Today's Deal: Save 10% On Your Membership Renewal!
Continue enjoying everything your membership has to offer ... and get a 10% discount while you're at it. 

Don't pass up on this offer, available today only. Renew now and save! 

Enter DDRENEW in the promotion code box on the online renewal page.

Daily Deals Express ends today so don't miss out!
Renew!


----------



## mdurette (Jun 21, 2015)

My platinum just expired a few of days ago, this works out great!
But the code they gave me isn't working:  DDUPGRADE
Anyone else having an issue.

Could be that my regular membership expires April 2016 and I need to extend that first......


----------



## tschwa2 (Jun 21, 2015)

> *TERMS AND CONDITIONS*
> Offer available today June 21, 2015. Discount applies to 1- or 2-year membership upgrades purchased by 11:59pm EST on June 21, 2015. Discount will be applied to the Interval Gold or Interval Platinum upgrade fee only. Interval Platinum members or members with any resort restrictions that would not allow them to upgrade do not qualify for this offer. *Members with a Platinum membership that expired in the past 120 days do not qualify for this offer. Membership renewals do not qualify for this offer.* Offer is subject to the Terms and Conditions of your Individual Membership and Exchange set forth in the current Interval International Resort Directory.

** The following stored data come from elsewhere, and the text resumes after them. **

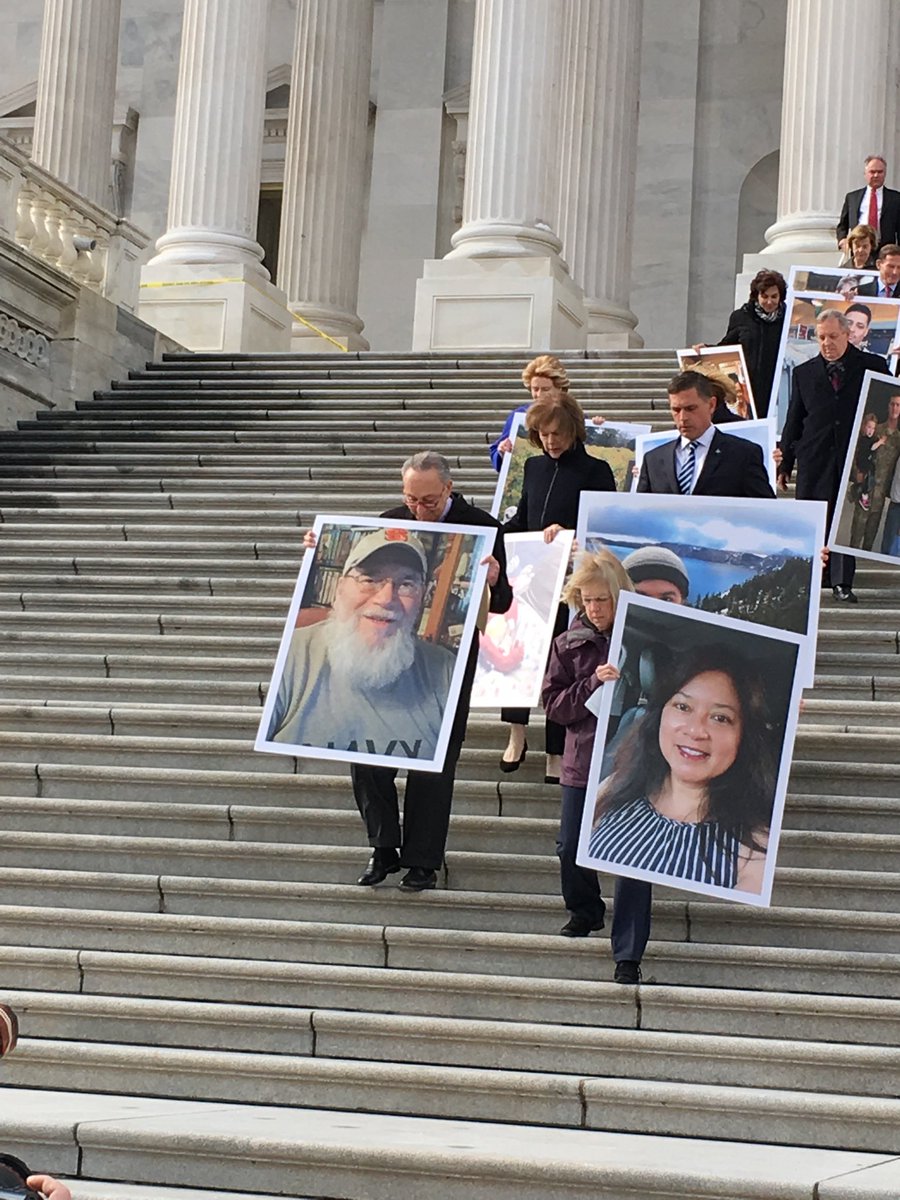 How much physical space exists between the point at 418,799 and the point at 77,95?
60.1 ft

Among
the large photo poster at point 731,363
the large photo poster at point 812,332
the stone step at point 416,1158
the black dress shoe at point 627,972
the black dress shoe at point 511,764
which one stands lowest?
the stone step at point 416,1158

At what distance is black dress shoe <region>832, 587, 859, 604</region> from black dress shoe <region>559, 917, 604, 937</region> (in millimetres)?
3887

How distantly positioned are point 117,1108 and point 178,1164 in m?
0.75

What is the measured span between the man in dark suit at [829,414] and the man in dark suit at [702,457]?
1810 mm

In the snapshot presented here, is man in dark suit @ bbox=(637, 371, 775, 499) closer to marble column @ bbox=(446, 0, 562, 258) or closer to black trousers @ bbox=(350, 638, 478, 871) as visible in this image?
black trousers @ bbox=(350, 638, 478, 871)

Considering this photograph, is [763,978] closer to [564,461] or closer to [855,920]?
[855,920]

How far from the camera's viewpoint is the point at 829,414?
1195cm

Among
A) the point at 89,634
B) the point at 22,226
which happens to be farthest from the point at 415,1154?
the point at 22,226

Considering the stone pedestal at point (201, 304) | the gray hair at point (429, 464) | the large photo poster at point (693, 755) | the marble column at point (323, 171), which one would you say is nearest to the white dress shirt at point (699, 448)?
the gray hair at point (429, 464)

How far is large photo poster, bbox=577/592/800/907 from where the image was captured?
323 inches

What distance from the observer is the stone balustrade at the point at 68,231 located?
18.6 m

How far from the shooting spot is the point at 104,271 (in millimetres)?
20328

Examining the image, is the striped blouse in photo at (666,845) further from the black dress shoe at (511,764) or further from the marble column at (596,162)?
the marble column at (596,162)

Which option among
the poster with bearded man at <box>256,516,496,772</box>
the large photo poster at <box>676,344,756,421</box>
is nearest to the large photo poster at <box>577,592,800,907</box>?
the poster with bearded man at <box>256,516,496,772</box> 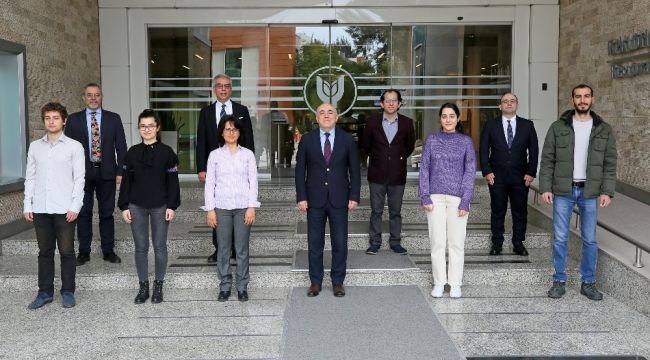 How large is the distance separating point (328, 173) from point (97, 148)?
2.32m

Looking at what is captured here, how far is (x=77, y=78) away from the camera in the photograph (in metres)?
8.86

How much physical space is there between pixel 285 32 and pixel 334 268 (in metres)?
5.88

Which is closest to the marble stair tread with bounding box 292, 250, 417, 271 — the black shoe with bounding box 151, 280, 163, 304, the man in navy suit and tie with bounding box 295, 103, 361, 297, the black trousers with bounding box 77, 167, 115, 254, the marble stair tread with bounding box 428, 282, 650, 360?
the man in navy suit and tie with bounding box 295, 103, 361, 297

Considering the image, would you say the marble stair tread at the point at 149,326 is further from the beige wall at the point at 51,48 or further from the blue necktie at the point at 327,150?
the beige wall at the point at 51,48

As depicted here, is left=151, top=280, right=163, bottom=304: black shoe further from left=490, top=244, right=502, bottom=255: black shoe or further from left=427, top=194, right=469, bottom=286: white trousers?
left=490, top=244, right=502, bottom=255: black shoe

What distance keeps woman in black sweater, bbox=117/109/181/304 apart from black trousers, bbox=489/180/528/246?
10.0ft

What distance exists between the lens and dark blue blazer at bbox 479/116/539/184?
6.11m

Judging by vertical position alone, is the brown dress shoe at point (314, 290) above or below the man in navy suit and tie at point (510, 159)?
below

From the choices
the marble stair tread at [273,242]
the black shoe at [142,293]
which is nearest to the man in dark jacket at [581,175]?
the marble stair tread at [273,242]

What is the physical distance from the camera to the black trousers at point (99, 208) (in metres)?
6.05

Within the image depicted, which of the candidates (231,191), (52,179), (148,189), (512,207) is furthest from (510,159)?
(52,179)

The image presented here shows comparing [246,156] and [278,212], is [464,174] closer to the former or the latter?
[246,156]

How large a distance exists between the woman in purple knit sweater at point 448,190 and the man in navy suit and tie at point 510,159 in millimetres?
899

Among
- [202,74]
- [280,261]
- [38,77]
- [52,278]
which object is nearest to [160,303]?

If you click on the terms, you will find this info.


----------



## dioxide45 (Jun 21, 2015)

mdurette said:


> My platinum just expired a few of days ago, this works out great!
> But the code they gave me isn't working:  DDUPGRADE
> Anyone else having an issue.
> 
> Could be that my regular membership expires April 2016 and I need to extend that first......



I don't think it will work for you. In this thread it was reported that if you membership expired in the past 120 days, you do not qualify. Bummer.


----------



## dioxide45 (Jun 22, 2015)

*June 22, 2015: Book ANY Getaway and Get an EXTRA VACATION*

Purchase any Getaway and receive a Resort Accommodations Certificate. With your certificate, enjoy an extra vacation choosing from an extensive list of travel destinations worldwide.

Please remember to select your EXTRA WEEK OFFER on the payment page to get this great travel deal!


----------



## dioxide45 (Jun 23, 2015)

*June 23, 2015: Huge discounts on Getaways!*

Today's Deal: Huge discounts on Getaways!
Check out these incredible deals. Getaways from as low as $197 per week!


----------



## Polly Metallic (Jun 23, 2015)

dioxide45 said:


> Today's Deal: Huge discounts on Getaways!
> Check out these incredible deals. Getaways from as low as $197 per week!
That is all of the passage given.